Premier des trois films que Jean-Pierre Melville et Alain Delon tourneront ensemble, Le Samouraï, sorti en 1967, constitue l’un des sommets de leurs carrières respectives. Le style melvillien est ici à sa quintessence – épure, minimalisme, tentation de l’abstraction – et influencera à des titres divers des cinéastes tels que Michael Mann, John Woo, Quentin Tarantino ou Jim Jarmusch. Peu de dialogues, pas de psychologie : le film est essentiellement descriptif et se focalise sur les gestes ou les actions des personnages au premier rang desquels Jef Costello, tueur à gages quasi mutique rendu inoubliable par l’interprétation minérale de Delon. Un chapeau et un imperméable constituent « l’uniforme » de ce samouraï moderne dont la singularité paradoxale consiste à se fondre dans un monde où les hommes se ressemblent et paraissent interchangeables.
Le vol d’une voiture, un meurtre, des interrogatoires, des filatures, la mise sur écoutes d’un appartement comptent parmi les étapes du cheminement du héros vers sa rencontre programmée avec la mort. Celle-ci est personnifiée par une pianiste de jazz noire (Cathy Rosier) qui disculpe Costello devant les policiers avant de devenir sa cible.
Dernier grand fauve
Ce film noir, construit en boucles et en scènes qui se répondent, s’ouvre avec une fausse citation du bushido (le code d’honneur des samouraïs) créée par Melville (« Il n’y a pas de plus profonde solitude que celle du samouraï. Si ce n’est celle du tigre dans la jungle. Peut-être… ») et s’achève par une sorte de seppuku revisité. Pourquoi plus de cinquante ans après Le Samouraï conserve toute sa beauté et sa puissance magnétiques ? Par la présence devenue iconique de Delon et par la mise en scène de Melville, chef-d’œuvre de stylisation sans esbroufe dont la photographie (alternant les gris, les verts, les noirs) épouse à la perfection la solitude crépusculaire du personnage.

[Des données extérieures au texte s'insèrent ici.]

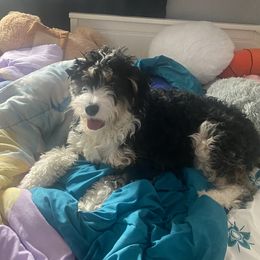 Remi - Bernedoodle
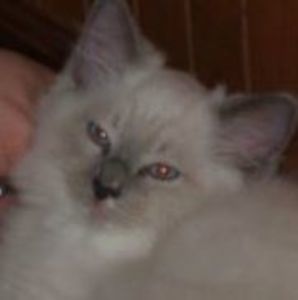 Meet your Posher, Chester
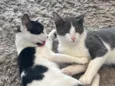 Kush e Simba 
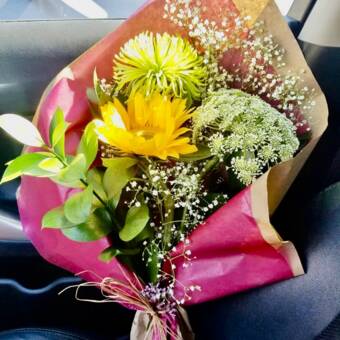 Henkilön Tara avatar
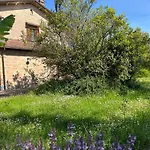 La Valle Dei Conti Cesena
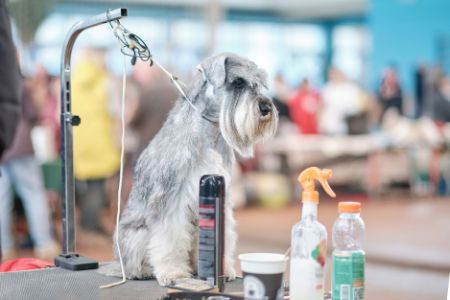 lief hondenparfum lief hondenparfum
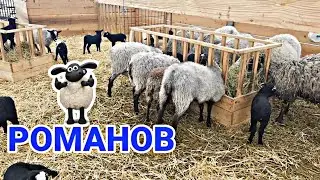 РОМАНОВ КУЙЛАРИ БОКИШ БИЗНЕСИ [ ROMANOV QO'YLARI BOQISH BIZNESI
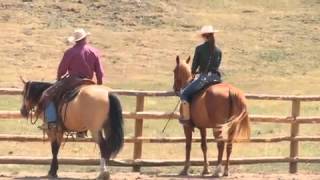 Teach Your Horse to Go Sideways Under Saddle with Pat Parelli [upl. by Norel61]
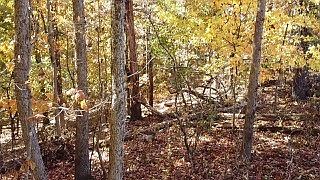 5th image of Plumpton Ln #5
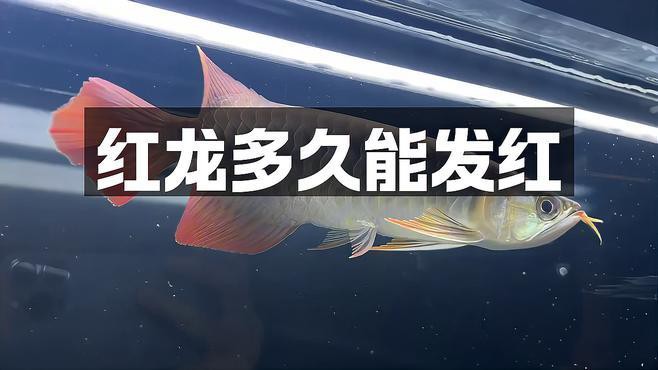紅龍魚哪個血統發色最快？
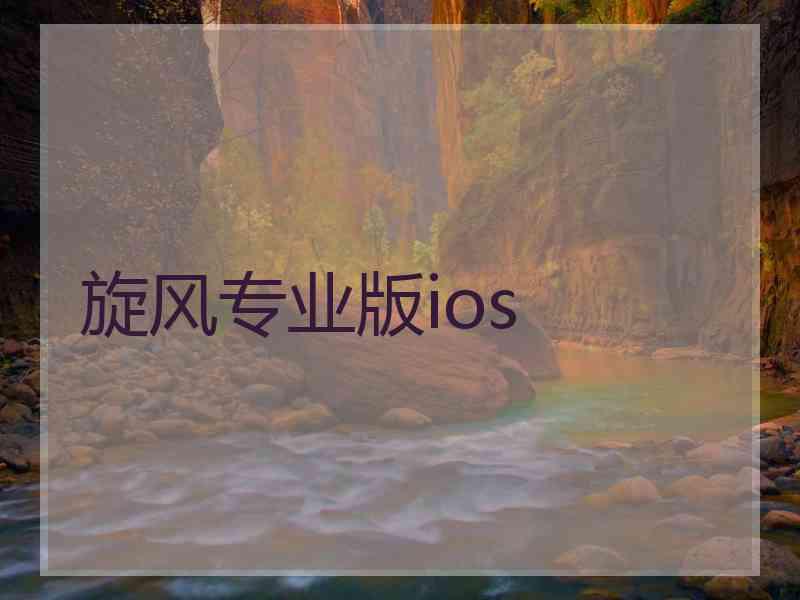 旋风专业版ios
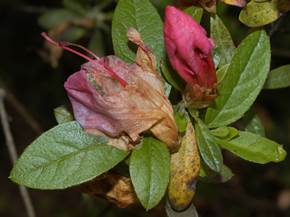 Azalea principali malattie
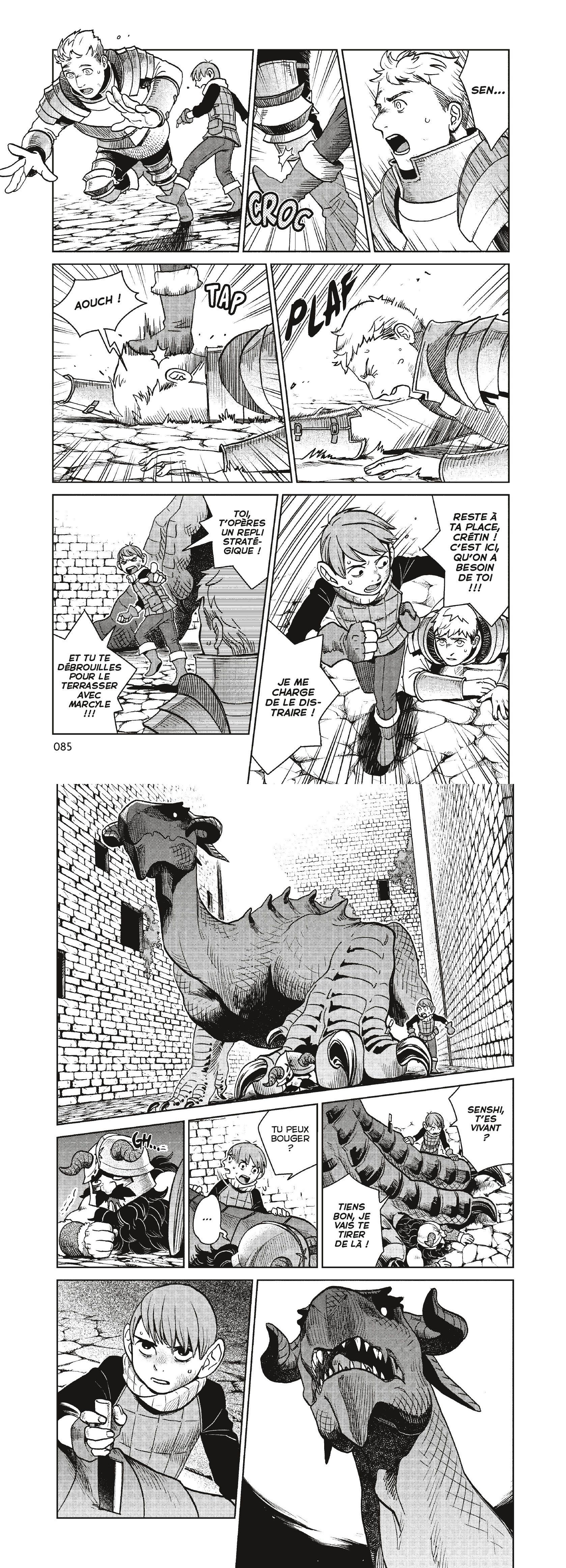 Read Dungeon Meshi FR Manga Online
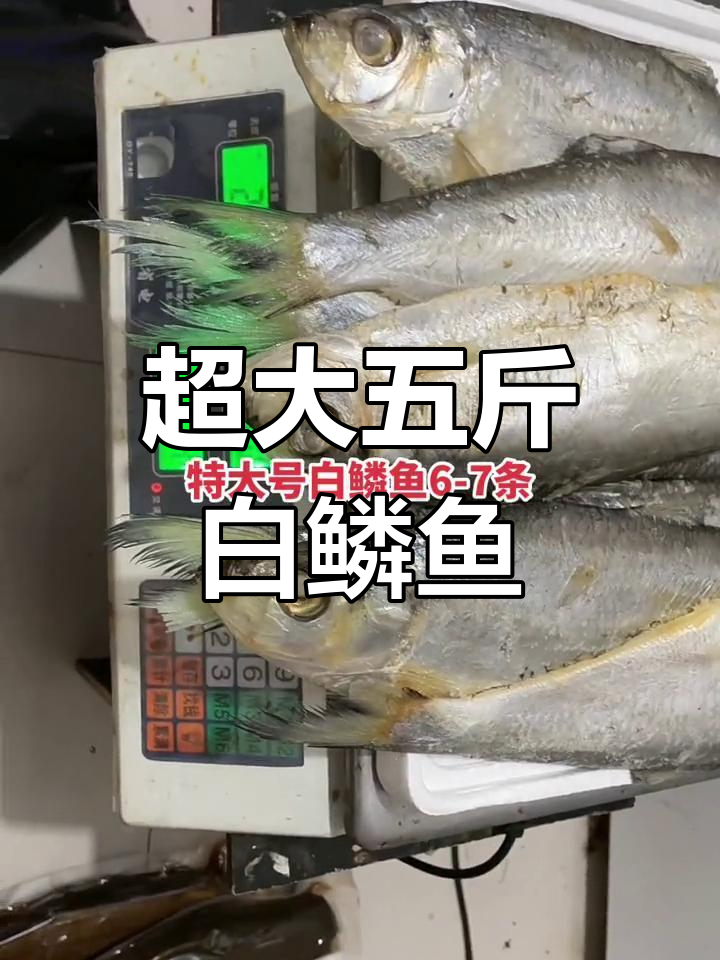 五斤特大号白鳞鱼,七条超大美味等你尝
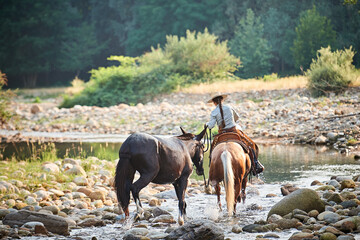 Cowgirl crossing the river riding a horse and leading a mule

Fable sur la réclusion, incarnée notamment par l’oiseau en cage dans l’appartement ascétique de Costello, le film anticipe comme d’autres grandes œuvres de son époque l’avènement d’une société de surveillance et d’une pieuvre technologique qui n’en étaient alors qu’à leurs prémices. Poursuivi par des policiers (menés par un François Périer à la fois cynique et humain) et les membres d’une organisation criminelle évoquant une banale entreprise, Jef Costello apparaît comme l’un des derniers grands fauves en liberté avant la domestication générale. L’une de ses phrases – « Je ne perds jamais, jamais vraiment. » – prend des airs de défi métaphysique et de baroud d’honneur face à une défaite annoncée.